Steve and I were at the vet first thing this morning. The plan was for Dr Sarah and I to remove a chunk of poop that was stuck down low in Steve’s colon. Dr Sarah gloved up and went in. She felt the same thing I felt and tried like I did to remove it with no luck. She decided that she wanted to give Steve a pain med injection before proceeding any further and to take and X Ray to make sure that we were actually dealing with what we thought we were dealing with.

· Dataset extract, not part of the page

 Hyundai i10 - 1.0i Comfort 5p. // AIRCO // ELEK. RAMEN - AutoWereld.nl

Steve has megacolon. Her entire colon is filled with more poo than I’ve ever seen. I felt myself deflate and the tears well up. I’ve feared this for 2 years. Dr Sarah started talking and I don’t know how much of it I actually caught and processed. Then I realized that I needed to straighten up and make a plan for Steve. This wasn’t a death sentence. Dr Sarah was talking about things step by step. First, she’ll take Steve for the day and work on emptying her colon. Then, she’ll see where her colon’s elasticity is. Is it actually megacolon, or just a lot of backed up poop? She’ll get in touch with the surgeon who handles megacolon surgeries. She’ll send him the X Ray and get his opinion. Maybe Steve will spend the night while they work on emptying her out some more. If it is megacolon, we’ll talk post op prognosis with the surgeon. Is Steve going to live a happy life after surgery? Is she going to continue to be at risk for this again? Is it worth putting Steve through surgery?

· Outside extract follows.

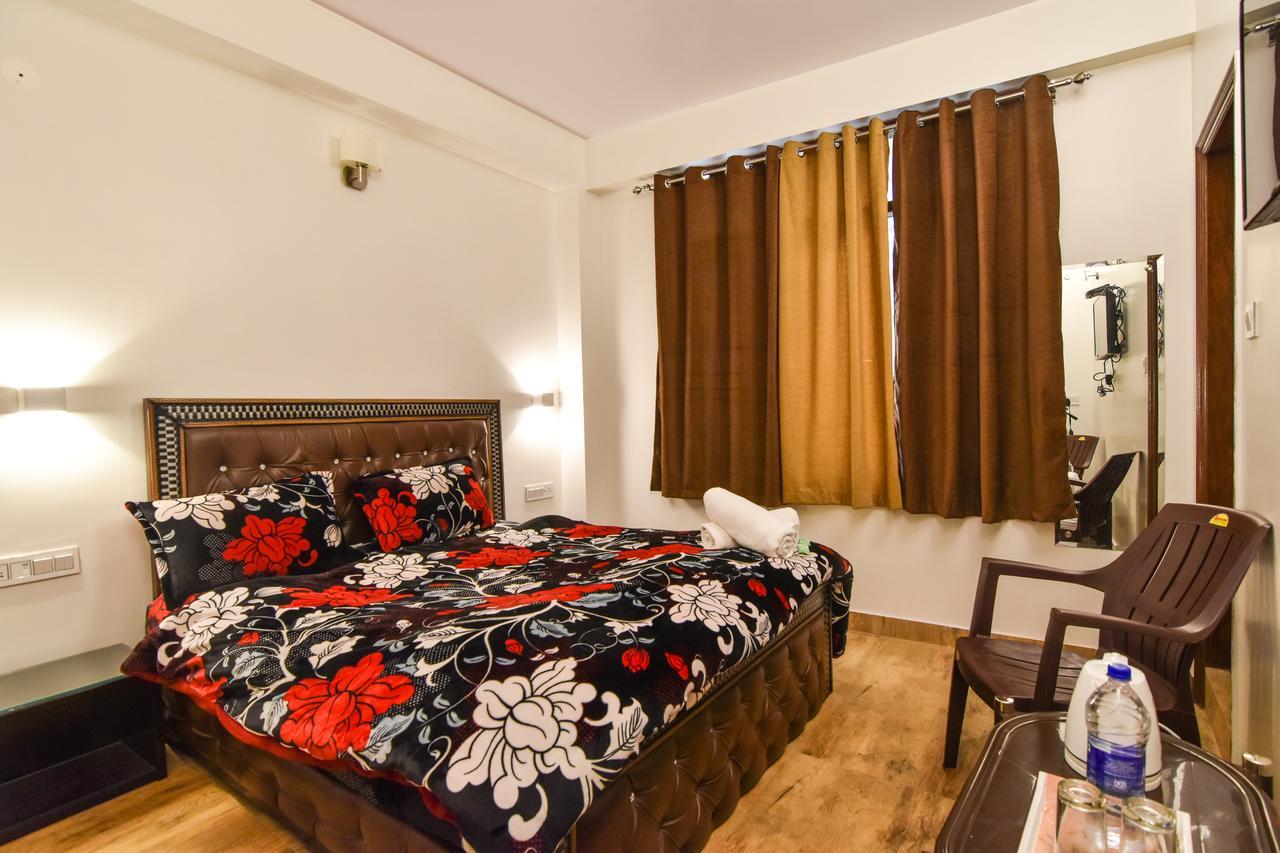 Dhanlaxmi Apartments Shimla Exterior foto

I’ve cried a lot in the last 3 hours. I’ve accepted my cat’s mortality many times. I’ve prepared myself to say goodbye to her many times. I’ve also set up a youcaring page for her because Jay and I can’t afford surgery. I won’t link it here because I’m pretty sure that’s breaking the rules, but it isn’t private and it is searchable if you are interested in helping out. If we do not go through with the surgery, any funds raised beyond Steve’s current vet bill will be donated to the Guardian Angel Fund at Mohawk Hudson Humane Society, which paid for Steve’s amputation surgery.
I’ve had a lot of support from family, friends, and total strangers. I’m eternally grateful for that. Please remain positive for me that Steve will get to celebrate her 2 year adoptiversary on Saturday, even if it’s in surgical recovery.